The annual report of 1899 speaks of appeals for financial help showing a slight increase and that again a number of fraudulent applications had to be investigated but where deserved, assistance had been given judiciously and as freely as income permitted. The secretary had to report that quite a number of the young men coming to London for the first time, had been helped by influential members, and had then held aloof from the Association, avoiding the very men who often at great inconvenience had secured for them the benefits of regular employment. This was to be deplored, and it was hoped that such young men would show their gratitude to the Association by giving it all the support of which they were capable. It was essential to keep up the membership, and cancel out the loss by death and removals, and although during the year there had been an increase of twenty new members, yet the total membership represented but a small percentage of the Caithness people resident in London.
At that annual festival, held as usual in the Freemason's Hall, and presided over by Sir John Sinclair of Dunbeath, it was reported that economic conditions in Caithness were improving, the crops were better, there had been a good fishing, and the flagstone industry was showing signs of prosperity.

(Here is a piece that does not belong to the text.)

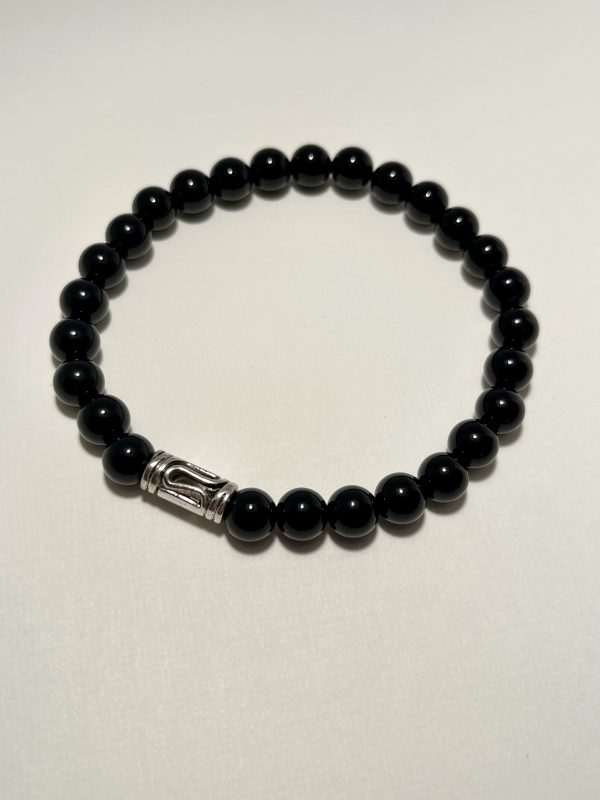 Black Onyx with silver charm bracelet.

A virulent flu epidemic affected the attendance at each of the Spring functions of 1900, and in addition there was no annual festival held, not because of the flu, but arising out of the condition of the structure of the Freemason's Hall. At least, that is what one assumes. The reason is not clearly stated in the reports sent to the local papers, but in any case, the plans for the festival had to be abandoned at short notice. The annual dinner was the substitute held in the Holborn Restaurant, the chief speaker being Sir John Gunn, JP, who figures as a guest on other numerous occasions. He spoke of the success of two concerts held during the winter, one held jointly with the other Northern counties, at both of which events the attendance had been very good indeed.
In 1901, the attendance was adversely affected, not by any epidemic, but by the absence at the Boer War of many distinguished young men connected with the county. The Holborn Hotel had spent a considerable amount on redecorating the rooms, and it was agreed that the magnificent hall in which the festival took place would normally have attracted an unusually large attendance. There was indeed a greater number of the ordinary members present, and although the Honorary President, His Grace the Duke of Portland had to send an apology for his absence, it was altogether a merry occasion, with much enthusiastic dancing, the Grand March, always the first item, being led by Piper Macdonald.

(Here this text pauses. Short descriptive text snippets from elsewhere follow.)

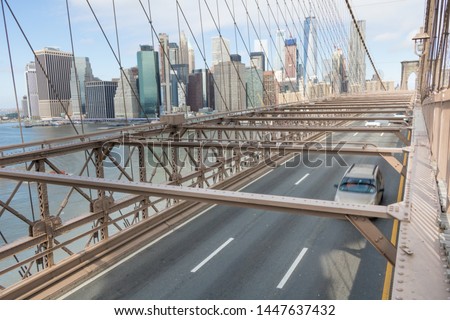 Cars traveling over the Brooklyn Bridge. City of Manhattan in the background. New York, USA.
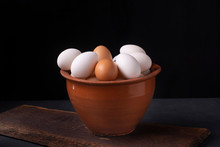 Fresh Chicken Eggs In A Clay Pot On A Black Background.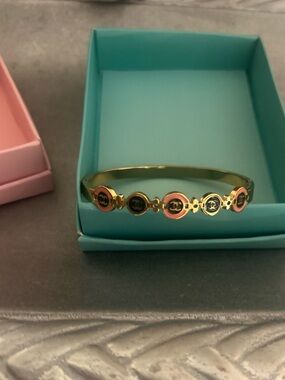 Gold Tone Women's Bangle Bracelet with Pink and Black Enamel Accents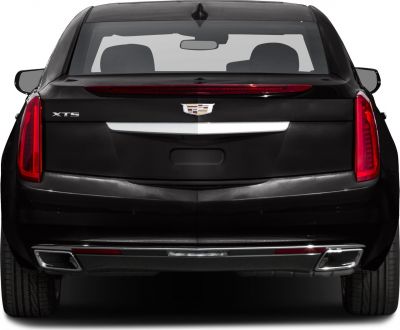 Rear view showcasing vertical LED taillights and chrome accents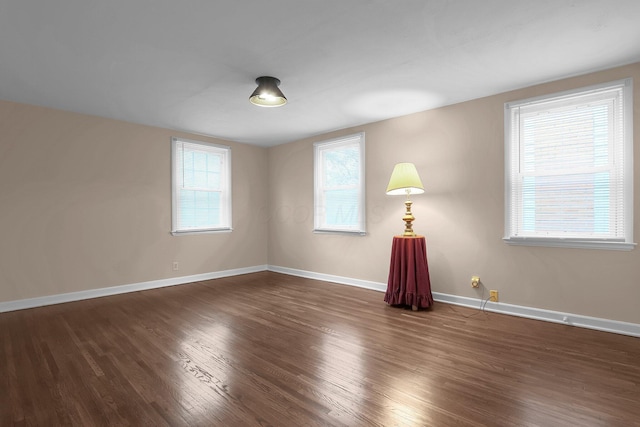 empty room with baseboards and wood finished floors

1902 saw the coronation of King Edward VII, in August, having been postponed from early July owing to the sudden serious illness of the king. The Caithnessians held a bumper summer gathering, jointly with the other Northern counties, but whether this was a coronation celebration is not clear, and there is no record of any special entertainment for children, as might be expected on such a memorable day.

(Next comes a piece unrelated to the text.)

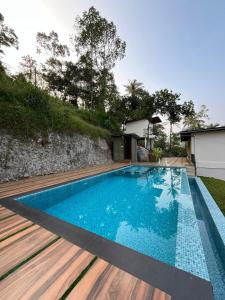 a swimming pool with a wooden deck next to a house at Camplights Stays in Tariyod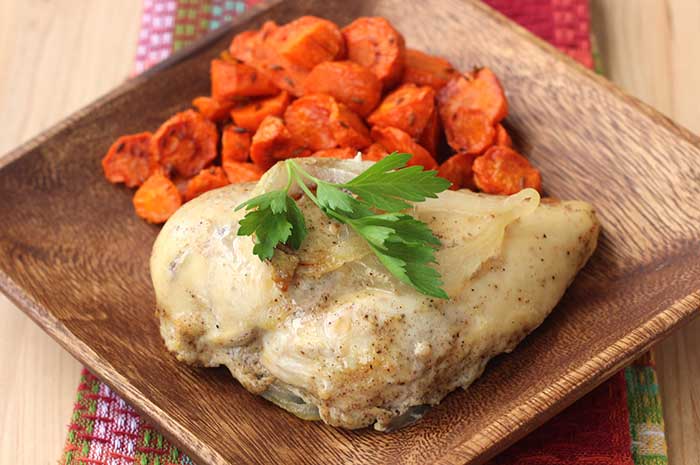 Quick and Easy Chicken Masala on a wooden plate with cooked carrots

The Association increased its membership and its funds during this and the following two years, and it is satisfactory to think that the exiles responded to the previous appeal to support their county association. Applications for pecuniary relief had been very few, and donations and subscriptions had been generous. It was reported at the annual dinner, held at the Inns of Court Hotel, and presided over by Alex Duncan, Vice President, in 1904 that in the previous twenty years £300 had been disbursed. A considerable sum had been spent in sending back to Caithness, natives suffering from ill health. A total of £100 had been donated to the two main charities, the Royal Scottish Corporation and the Royal Caledonian Asylum, besides the amounts sent home at various intervals for County disaster funds. The nest egg in the Bank was now £200. James Sutherland, who had carried out the duties of honorary treasurer since 1874, now had an assistant in the person of his nephew John Sutherland, who in his turn gave many years of service to the Association. Actually in April 1925, John Sutherland was presented with an inscribed silver tea and coffee service because of the years he had given them, the meeting being in the Royal Scottish Corporation, and the presentation being made by the then honorary president, Sir Archibald Sinclair. Mr Sutherland had just resigned from the position of honorary secretary, having held one of the offices of either secretary or treasurer for a total of twenty years. Inspector John Swanson pointed out that sixty-nine years earlier, the uncle, James Sutherland, had held the same office.
A special committee was appointed at that time to consider the matter of reducing the annual subscription, but having gone into all the pros and cons, finally came back with the proposal that the subscription should remain as it was, and after discussion, this was agreed to.
Another popular member during the years at the turn of the century was Mr W Mackay Tait, who was also a member of the committee of management of the Royal Scottish Corporation and of the Royal Caledonian Asylum. At a combined concert of the northern counties, held at the Holborn Hotel in March 1904, boys of the "Asylum" gave bagpipe selections, proudly performing on a new set of silver-mounted pipes presented to them by Mr Mackay Tait, who took the chair that evening. At the closing meeting in April, he himself gave a bagpipe selection, and he recalled that his father had been connected with Caithness from 1827. Also his grandfather had walked to the College of Aberdeen in his day, whereas now there was the railway. In those days, walking and riding were almost the only means of transport and poor folk could not afford to ride, or go in carriages. Students would start off from Caithness some weeks before the beginning of term, meeting with others from Sutherland, Ross-shire and so on, on the way. Some people might possibly get a place in a boat going south but this was chancy. He spoke of the time when his grandfather and uncle planned to attend a graduation ceremony in the University of Edinburgh, got berths on a little boat going to Leith, but owing to adverse winds, landed in Norway. Starting off once more for Leith, they landed on the east coast of England and by the time they at last got to Leith, by walking the last part of the journey, they were a bit too late.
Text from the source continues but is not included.